Satrix investors come from every corner of life - some are enormously wealthy and some are just starting out. The common thread is that they want a better understanding of their index-tracking portfolio. Which index-tracking fund should you choose to invest in? Should you select a few different funds, or only one? We get asked this often and, as more index tracking products are launched in South Africa, we can understand why investors seek guidance. In this article we outline some of the basic rules of investing to help you make good investment choices.


Step 1. Understand asset classes 

An asset class is a group of securities (investable instruments) which have similar characteristics i.e. they behave similarly in the marketplace and are subject to the same regulations. The four main asset classes are equities (shares), fixed income (mostly bonds), property and cash. Each asset class has a particular level of risk associated with it. The risk level is an indicator of the potential return – higher risk equals an increased probability of a higher return and vice versa.

When making an investment decision, the first choice you are making is which asset class to invest in. Think about the choice you make to either keep your money in a bank account or invest in a Satrix index tracking fund. Here you are choosing between cash or equities.

EQUITIES - Equities are shares of companies which are listed on a stock exchange. Most Satrix funds invest in shares that are listed on the Johannesburg Stock Exchange. These shares make up the indices our products track.  Equity investments are for those who want maximum capital growth and can tolerate short-term price movements and the high risk associated with this asset class. If you’re willing to take on higher risk to increase the probability of a higher return, then this is the asset class for you. You should be prepared to be invested for a longer period, at least 5 to 7 years.

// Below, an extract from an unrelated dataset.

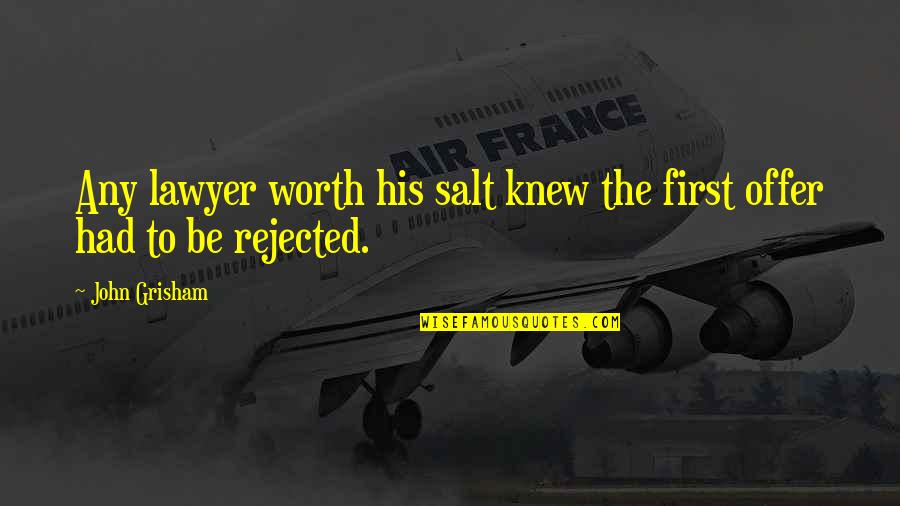Sostenido Definicion Quotes By John Grisham: Any lawyer worth his salt knew the first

FIXED INCOME - Fixed income instruments or bonds are debt investments in which you are effectively lending money to government or companies in order to earn a regular interest payment i.e. a fixed income in interest terms. These funds are for investors looking for a predictable income stream and are associated with a moderate risk level. Be aware however that these funds may experience some price fluctuations in the short-term.


CASH - Cash investments include bank deposits and short-term money market assets. They are low risk investments and are highly liquid. Along with the low risk comes a lower level of return.

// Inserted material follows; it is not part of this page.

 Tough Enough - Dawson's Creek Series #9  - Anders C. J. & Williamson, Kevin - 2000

LISTED PROPERTY - Listed companies which invest in local and international properties (viz. shopping centres, industrial blocks and offices) make up the listed property sector.


Step 2. Making a choice to follow the whole market or choose specialist areas

Now that we understand more about asset classes, we can decide which asset class is right for us. If you literally do want to "OWN THE MARKET" giving yourself broad market exposure then investing in a fund like the Satrix Top 40 ETF or the Satrix ALSI Index unit trust fund will do just that for you. However, diversification is a powerful investment tool and one you may want to consider. All asset classes don’t move together i.e. as one goes up, another may be going down or remain constant. By combining asset classes, you may be able to lower volatility in your portfolio while still getting capital growth.


Step 3. Building your portfolio

 The best way to illustrate this concept is by example.

Portfolio example 1* – I want broad market exposure and am willing to take on more risk. This means a 100% equity fund in order to "OWN THE MARKET"

Portfolio example 2* – I want a more balanced portfolio where I combine asset classes to limit volatility.

*The tables above are for illustrative purposes only. Independent professional financial advice should be sought before making investment decisions.


If choosing a single asset class is too daunting to contemplate, then consider Satrix’s multi-asset or balanced funds which are diversified portfolios investing across all asset classes including equities, property, cash, bonds and offshore investments in a single fund. By diversifying your investments, you lower the risk of some of the higher risk asset classes in the fund allowing a moderate or conservative investor to find a fund which suits their risk profile. The Satrix Balanced Index Fund and the Satrix Low Equity Balanced Index Fund are Regulation 28 compliant which means they are suitable to be used for retirement savings too.

Always remember that investing in index funds works best when you use the funds that cover broad segments of the stock and bond markets as building blocks to create a diversified portfolio that matches your risk profile—and that you'll stick with through good markets and bad. Investing is always long term and a well-constructed, carefully thought through portfolio will help you to benefit from all that indexing has to offer.